WORK INSTRUCTION: Locate, in the data below, the line that contains "Rectal Prolapse – Urgent Surgery" and the line that contains "test of blood"; reproduce exactly those two lines and every line between them, nothing more.

Stored items from a collection
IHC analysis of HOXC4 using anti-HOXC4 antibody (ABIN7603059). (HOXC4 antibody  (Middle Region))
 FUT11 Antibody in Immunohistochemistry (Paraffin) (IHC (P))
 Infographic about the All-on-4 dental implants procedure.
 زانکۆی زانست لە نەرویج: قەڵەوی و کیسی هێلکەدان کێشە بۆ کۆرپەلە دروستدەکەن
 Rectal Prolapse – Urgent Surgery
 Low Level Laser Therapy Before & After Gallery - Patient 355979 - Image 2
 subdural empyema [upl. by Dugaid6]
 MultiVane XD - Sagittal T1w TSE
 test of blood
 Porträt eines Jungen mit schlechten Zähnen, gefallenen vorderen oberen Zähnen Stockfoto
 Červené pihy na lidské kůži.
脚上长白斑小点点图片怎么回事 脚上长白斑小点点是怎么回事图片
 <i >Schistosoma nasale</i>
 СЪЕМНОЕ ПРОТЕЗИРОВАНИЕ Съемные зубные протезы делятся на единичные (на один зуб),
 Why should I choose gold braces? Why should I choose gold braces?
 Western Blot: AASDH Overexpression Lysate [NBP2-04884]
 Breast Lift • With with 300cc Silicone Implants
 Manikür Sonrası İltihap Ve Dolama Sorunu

WRITTEN ANSWER:
 Rectal Prolapse – Urgent Surgery
 Low Level Laser Therapy Before & After Gallery - Patient 355979 - Image 2
 subdural empyema [upl. by Dugaid6]
 MultiVane XD - Sagittal T1w TSE
 test of blood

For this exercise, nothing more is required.